Des remarques telles que «Je ne pouvais pas m'en empêcher, j'étais follement amoureux d'elle» ou «Ignorer son comportement, il était submergé de colère», indiquent que parfois nous n'attribuons pas de responsabilité (ou du moins, pas toute responsabilité) aux agents qui ont certaines émotions ou qui agissent émotionnellement. Cependant, il est évident qu'il existe de nombreuses circonstances dans lesquelles nous imputons la responsabilité des émotions. Nous louons et critiquons les gens pour leurs émotions; nous parlons de raisons appropriées pour avoir peur, ou de raisons inappropriées pour haïr quelqu'un. Nous conseillons souvent aux autres de renoncer à certaines émotions comme lorsque nous disons: «Vous n'avez aucune raison d'être en colère.» Nous pouvons aussi les exhorter à adopter des émotions telles que: «Aimez votre conjoint». Dans ce sens, nous supposons un certain degré de responsabilité pour le fait que nous ressentons de l'amour.

La responsabilité peut être décrite comme ayant deux aspects principaux: la causalité et la louange (ou la culpabilité). En termes de causalité, Peter est causalement responsable du sort de Sharon si Peter est la cause de quelque chose qui est arrivé à Sharon. Ainsi, si Peter donne un verre contenant du poison à Sharon et qu'elle meurt par conséquent, alors que Peter est responsable de la mort de Sharon, il ne peut pas être blâmé s'il ne savait pas que le verre contenait du poison. La responsabilité morale ne concerne pas la responsabilité causale mais la responsabilité liée à l'éloge ou au blâme.

En plus de la responsabilité indirecte, les systèmes juridiques et moraux reconnaissent une responsabilité partielle. Par exemple, la provocation est comprise comme une défense partielle en cas de meurtre, car elle est considérée comme réduisant la responsabilité de l'agent: un plaidoyer fondé sur des motifs de provocation réfute l'entière responsabilité de l'agent et confère plutôt la responsabilité partielle – d'où la condamnation sera un de l'homicide involontaire, plutôt que du meurtre.

La vue qui nie notre responsabilité pour nos émotions englobe souvent non seulement une notion étroite de responsabilité, mais aussi une image étroite des émotions. Les émotions sont réduites à des sentiments éphémères et peu fiables sur lesquels nous avons peu de contrôle et pour lesquels nous n'avons aucune responsabilité. De la même manière que nous ne choisissons pas d'avoir mal aux dents et que par conséquent nous ne sommes pas responsables de l'avoir, nous supposons que nous ne choisissons pas nos émotions et que nous n'en sommes pas responsables.

Contrairement à ce point de vue, les émotions sont plus complexes que les sentiments éphémères. La présence de composantes intentionnelles, et parfois même de délibérations intellectuelles, nous permet d'imputer la responsabilité des émotions et par conséquent de les critiquer ou de les louer. L'attitude émotionnelle peut également être considérée comme appropriée ou inappropriée aux circonstances données. Ainsi, nous pouvons nous critiquer pour avoir trop ou trop peu pleuré. Les émotions peuvent également être vécues comme inappropriées en ce qui concerne leur calendrier.
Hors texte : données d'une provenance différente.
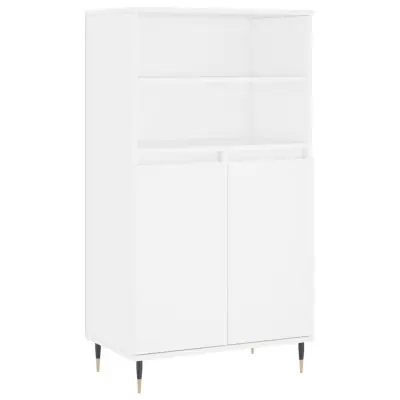 vidaXL Visoka omara Bela 60x36x110 cm inženirski les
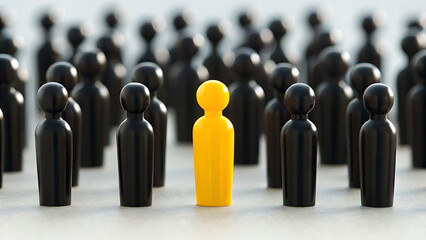Bold leadership stands out from the crowd, a yellow figure among black, symbolizing individuality, uniqueness, and standing out in a team setting for business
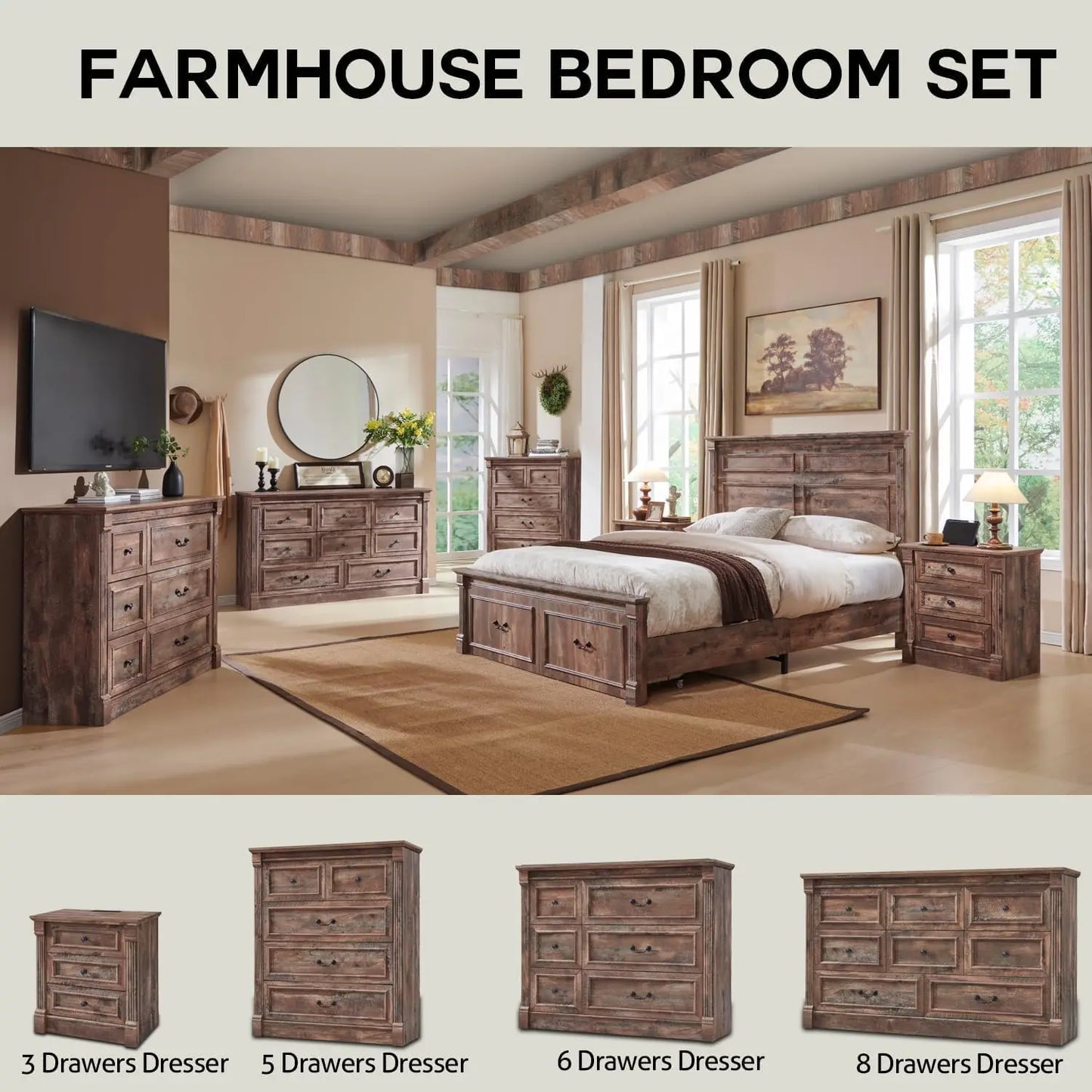 Queen Size Bed Frame, with Storage Drawers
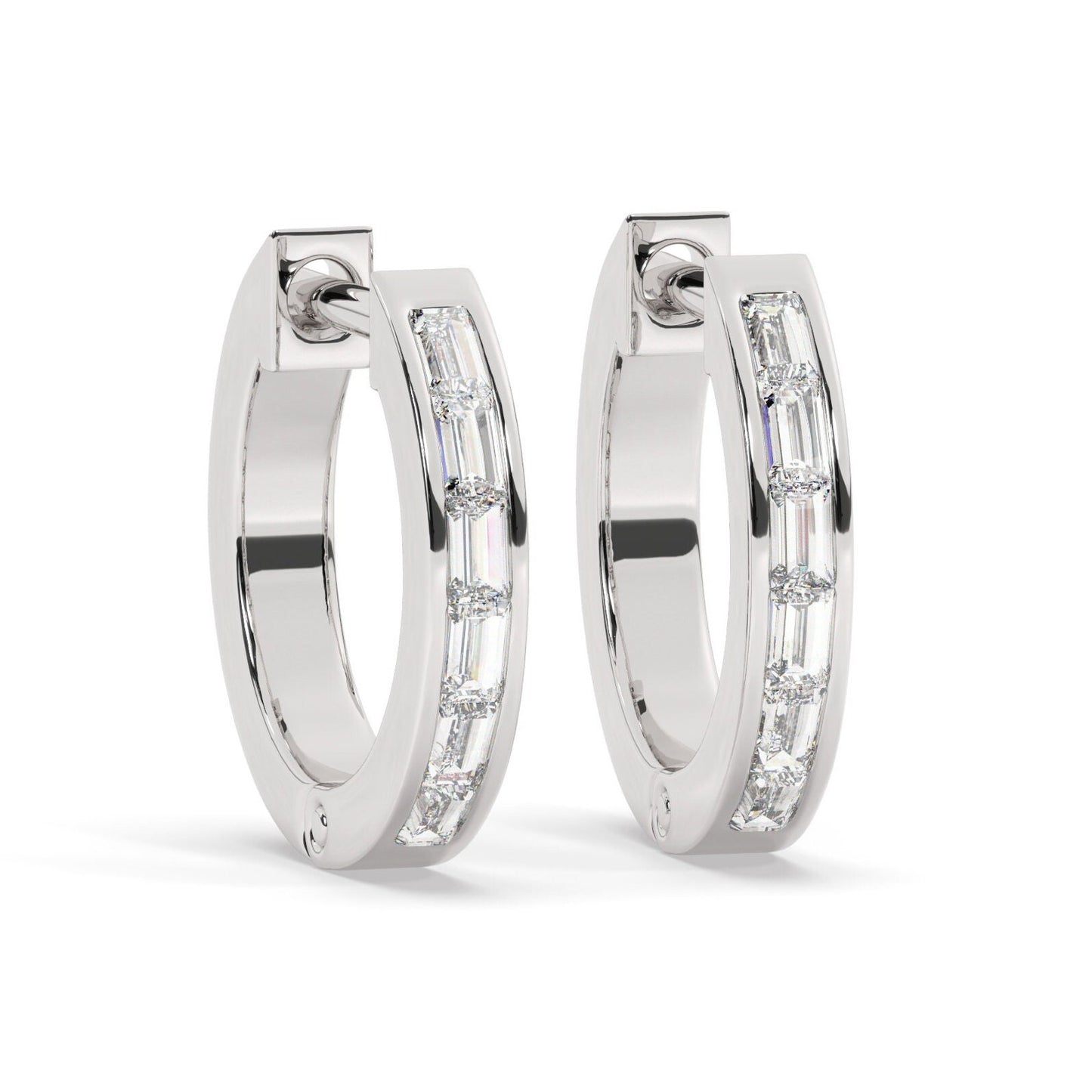 Baguette Diamond Hoop Earrings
Nous sommes souvent responsables d'être dans des circonstances particulièrement sensibles à la génération de certaines émotions. Ainsi, si je sais que chaque fois que je vois un politicien à la télévision, je me mets en colère, ce qui s'exprime dans mon comportement envers mon conjoint ou mes enfants, alors j'ai l'obligation morale d'éviter ces circonstances, par exemple en éteignant la télévision. Ma responsabilité à l'égard de cette colère fait référence à mon incapacité à éviter les circonstances qui la génèrent.

Pour résumer, la responsabilité et les émotions sont des phénomènes complexes admettant divers degrés d'intensité. Bien que le comportement émotionnel porte moins de responsabilité personnelle que le comportement intellectuel, nous avons encore une certaine responsabilité sur notre comportement émotionnel. Cette responsabilité est principalement indirecte et partielle.

Les considérations ci-dessus peuvent être résumées dans la déclaration suivante qu'un amoureux pourrait exprimer: «Chéri, bien que vous ne soyez pas entièrement responsable de ne pas m'aimer, essayez de le faire, car je ne suis pas une personne si mauvaise ou si peu attirante.